Chris Singleton, whose mother was a victim of the tragic 2015 shooting at Mother Emanuel AME Church in Charleston, SC, said he believes God used him to help keep the city “glued together.”


"When this happened to me and my family, my faith level grew by a thousand.”

His mother, Sharonda Coleman Singleton, was murdered along with eight other victims at the church on June 17th, 2015 by a white male who wanted to start a race-related war in the United States.


Just 24 hours after the shooting, Singleton inspired the city and the nation by forgiving the man who murdered his mother, stating on national television, “Love is stronger than hate.”


At the time of the shooting, he was a student and baseball player at Charleston Southern University. He went on to be drafted by the Chicago Cubs and now serves as an inspirational speaker and Director of Community Relations for the Charleston Riverdogs minor league baseball club.


In an interview for the Freedom Media Network, Curt Mercadante asked Singleton how he found the strength to publicly forgive his mother’s murderer.

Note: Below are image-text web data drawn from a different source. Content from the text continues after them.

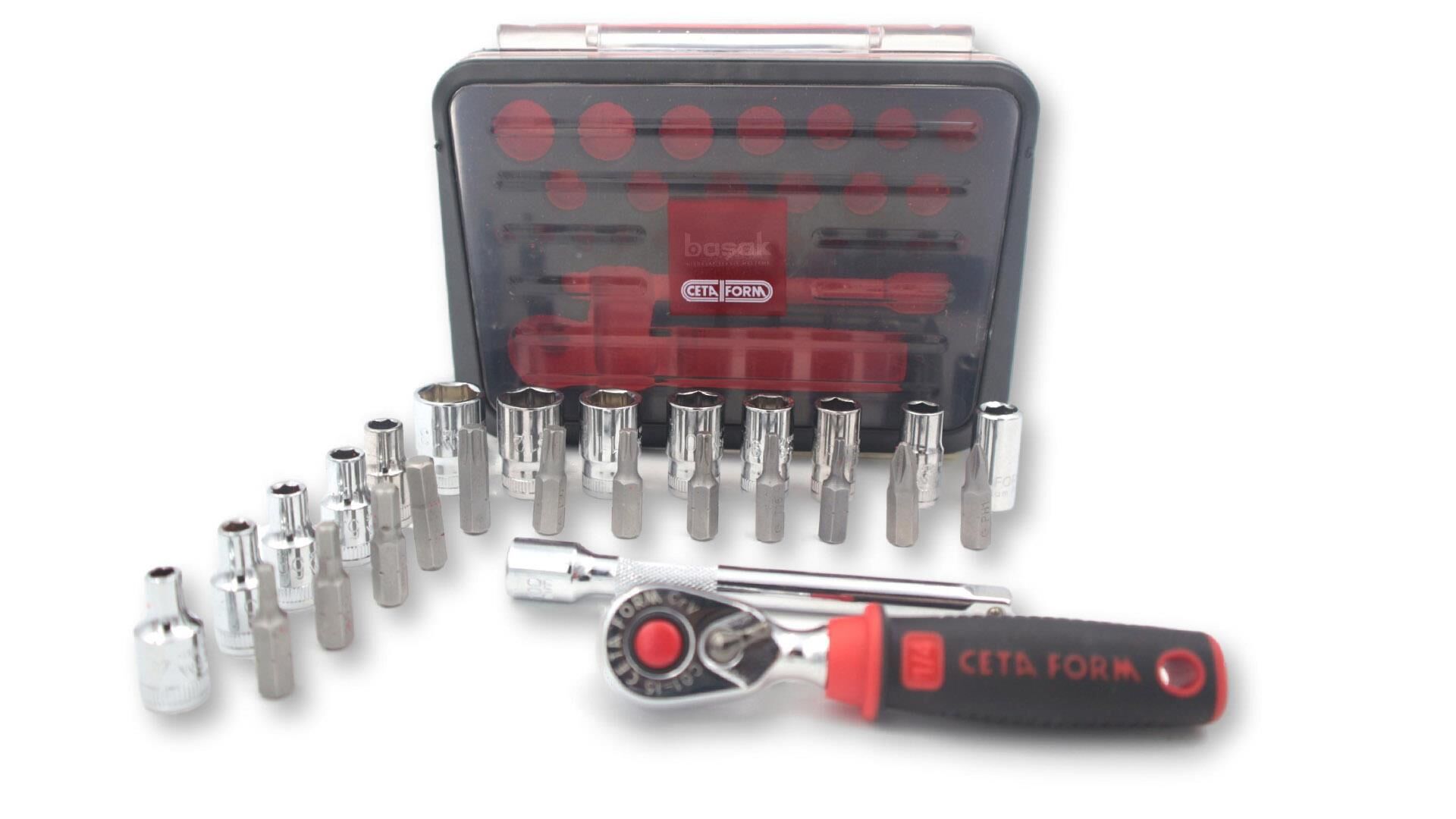 Ceta Form 4 - 13 mm 1/4” Lokma Takımı Kompak Kutulu 27 Parça C00-27PH5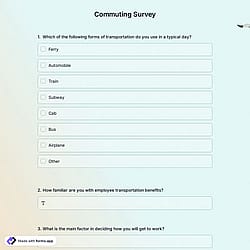 Commuting Survey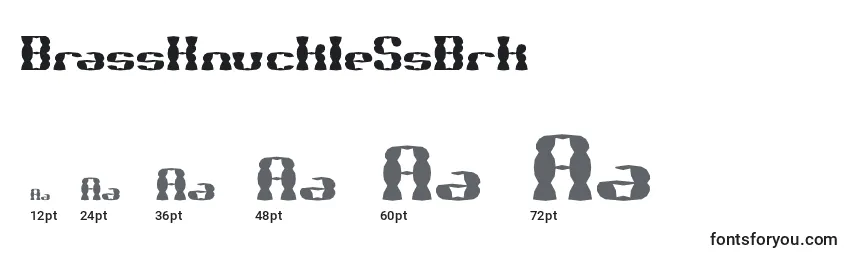 Größen der Schriftart BrassKnuckleSsBrk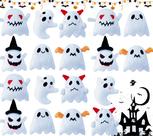 Brinquedos de pelúcia de Halloween BOMBPARK, 18 peças, fantasmas fofos para crianças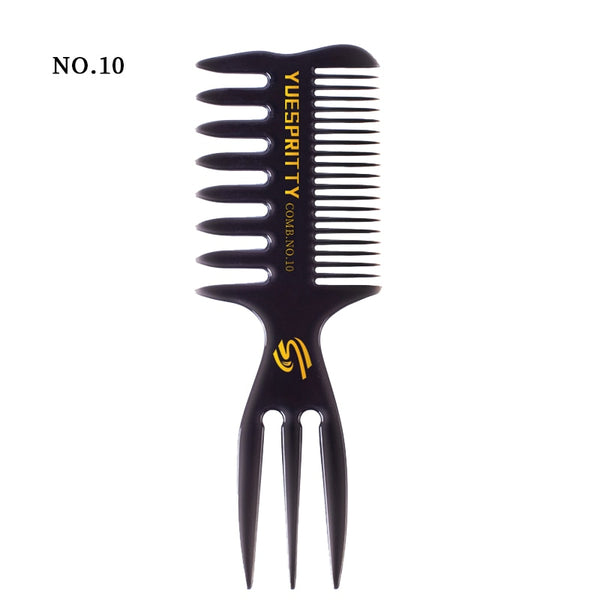 2021 new men&#39;s retro oil head wide tooth comb beard template comb styling hair brush, beard oil comb men&#39;s styling tool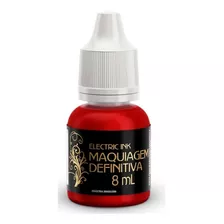 Pigmento Maquiagem Electric Ink 8 Ml - Vermelho Vivo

“Nobody's prepared for what happened to me and my family, but I will say this: I was groomed in the church, I was groomed as a believer, but I didn't really have a personal relationship with God. I figured God was something out there. I didn't know who God was, or what he did,” explained Singleton. “But when this happened to me and my family, my faith level grew by a thousand.”


He added, “I think in situations like what happened to me, it was like, if this happens to you and your family in a church, you can think two ways: You can think there's no way there's a God if this happens, or you can say, God, I don't know how this happened, but I need you to get me through it. I put everything I had into God, and said, ‘Hey, I need help. Can you push me through this?’ And, that's when I would say the forgiveness came.”


Singleton said he found meaning in the aftermath of the tragedy.


“I do think that God used me in that moment to keep our city glued together and to stop different things from happening in the aftermath,” he said, adding that he’s found purpose in helping to inspire others.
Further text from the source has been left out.